Second, when I trace phrase(jsonify([a=foo, b= @(null), c='Wow', d= @(true), e=123]),X). I’m not clear on why it’s is failing.

?- trace, phrase(jsonify([a=foo, b= @(null), c='Wow', d= @(true), e=123]),X).
^  Call: (13) phrase(jsonify([a=foo, b= @(null), c='Wow', d= @(true), e=123]), _17242) ? creep
   Call: (16) jsonify([a=foo, b= @(null), c='Wow', d= @(true), e=123], _17242, []) ? creep
   Call: (17) atom(foo) ? creep
   Exit: (17) atom(foo) ? creep
   Call: (17) _21334=_17242 ? creep
   Exit: (17) _17242=_17242 ? creep
   Call: (17) dq(a, _17242, _22956) ? creep
   Call: (18) _23776=[a|_23782] ? creep
   Exit: (18) [a|_23782]=[a|_23782] ? creep
   Call: (18) _23782=['"'|_22956] ? creep
   Exit: (18) ['"'|_22956]=['"'|_22956] ? creep
   Exit: (17) dq(a, ['"', a, '"'|_22956], _22956) ? creep
   Call: (17) cl(_22956, _27844) ? creep
   Exit: (17) cl([:|_27844], _27844) ? creep
   Call: (17) dq(foo, _27844, _29472) ? creep
   Call: (18) _30292=[foo|_30298] ? creep
   Exit: (18) [foo|_30298]=[foo|_30298] ? creep
   Call: (18) _30298=['"'|_29472] ? creep
   Exit: (18) ['"'|_29472]=['"'|_29472] ? creep
   Exit: (17) dq(foo, ['"', foo, '"'|_29472], _29472) ? creep
   Call: (17) cm(_29472, _34360) ? creep
   Exit: (17) cm([','|_34360], _34360) ? creep
   Call: (17) jsonify([b= @(null), c='Wow', d= @(true), e=123], _34360, []) ? creep
   Call: (18) atom(@(null)) ? creep
   Fail: (18) atom(@(null)) ? creep
   Redo: (17) jsonify([b= @(null), c='Wow', d= @(true), e=123], _34360, []) ? creep
   Call: (18) number(@(null)) ? creep
   Fail: (18) number(@(null)) ? creep
   Fail: (17) jsonify([b= @(null), c='Wow', d= @(true), e=123], _34360, []) ? creep
   Redo: (16) jsonify([a=foo, b= @(null), c='Wow', d= @(true), e=123], _17242, []) ? creep
   Call: (17) number(foo) ? creep
   Fail: (17) number(foo) ? creep
   Fail: (16) jsonify([a=foo, b= @(null), c='Wow', d= @(true), e=123], _17242, []) ? creep
^  Fail: (13) phrase(user:jsonify([a=foo, b= @(null), c='Wow', d= @(true), e=123]), _17242) ? creep
false.

So

Exit: (17) dq(a, ['"', a, '"'|_22956], _22956) ? creep
Exit: (17) dq(foo, ['"', foo, '"'|_29472], _29472) ? creep

a=foo"a":"foo" works correctly.

Then we go to b= @(null)

  • Fail: (18) atom(@(null)) is correct.
  • Fail: (18) number(@(null)) is correct.

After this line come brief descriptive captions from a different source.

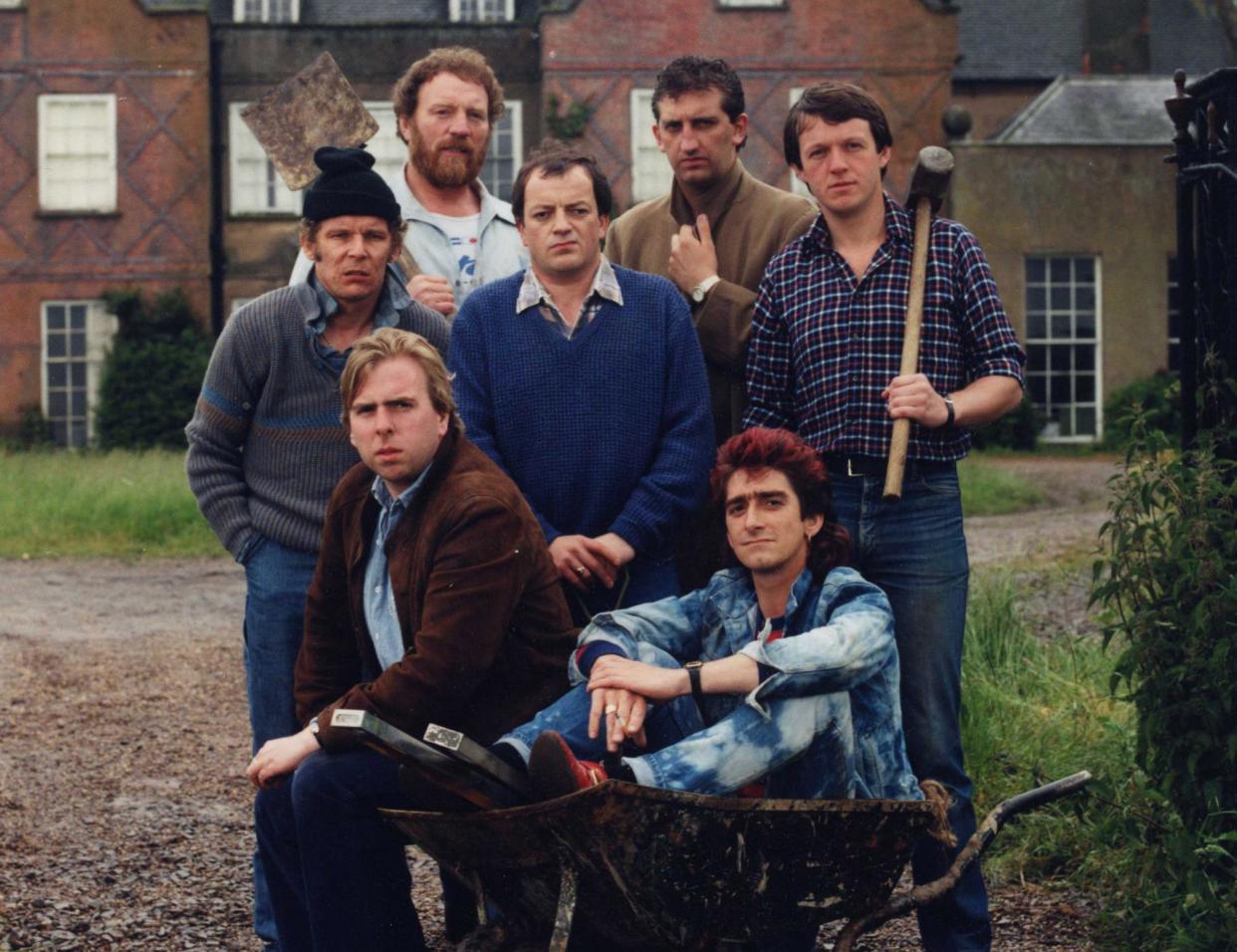 <span>That’s living all right … (clockwise from bottom left) Timothy Spall, Christopher Fairbank, Pat Roach, Tim Healy, Jimmy Nail, Kevin Whately, Gary Holton.</span><span>Photograph: ITV/Rex/Shutterstock</span>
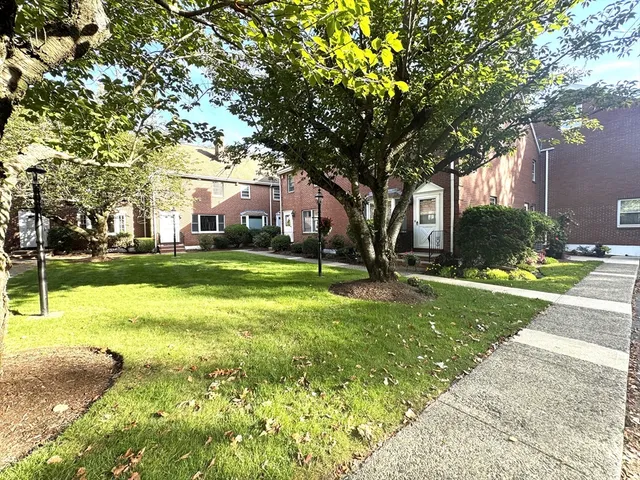 a view of a house with a big yard and large trees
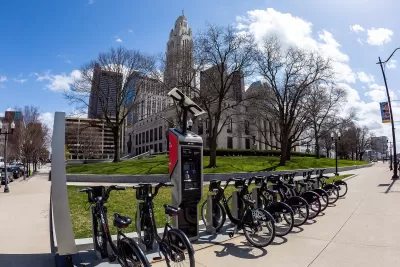 CoGo bike share station with black bikes in front of Columbus City Hall, Ohio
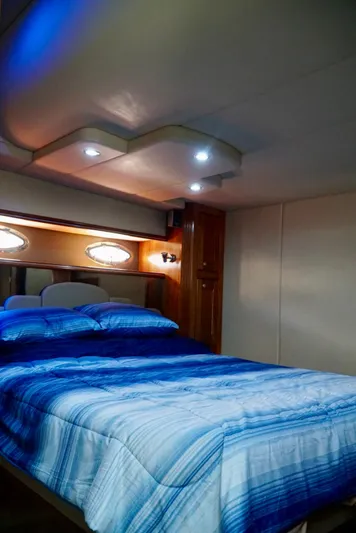 Kaizen Yacht Photos Pics Luxurious bedroom interior of 2007 Cruisers Yachts 560 Express with blue bedding.
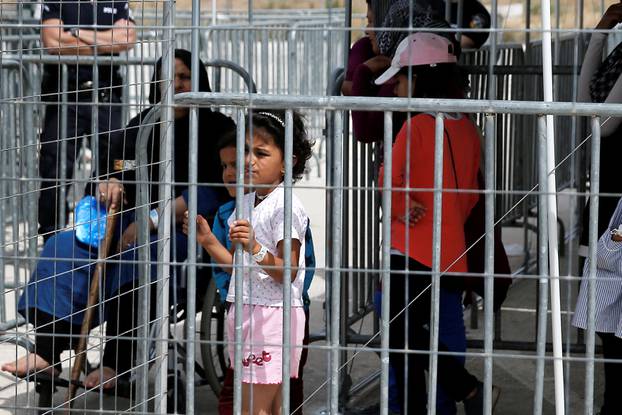 Refugees and migrants wait to take part in a pre-registration process that gives them access to the asylum procedure, at the premises of the disused Hellenikon airport, in Athens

but we skipped my jsonify([K=@(V)|Js]) clause, and also right here I’m confused

Fail: (17) jsonify([b= @(null), c='Wow', d= @(true), e=123], _34360, []) ? creep
Redo: (16) jsonify([a=foo, b= @(null), c='Wow', d= @(true), e=123], _17242, []) ? creep

Why are we backtracking to the start of the list? Why didn’t we try jsonify([K=@(V)|Js])? I should be allowed to do that, no? We can do

|    J = [a=foo, b= @(null), c='Wow', d= @(true), e=123],
|    member(b=V,J),
|    V = @(V_).
J = [a=foo, b= @(null), c='Wow', d= @(true), e=123],
V = @(null),
V_ = null .

Apologies in advance if I’m missing something obvious. Thanks.

This is tokenized as “K” “=@”, “(”, “V”, “)” because (most) symbol characters glue together to an atom. You need a space, as in K= @(V).

And, why not use the library converter? E.g., atom_json_term/3?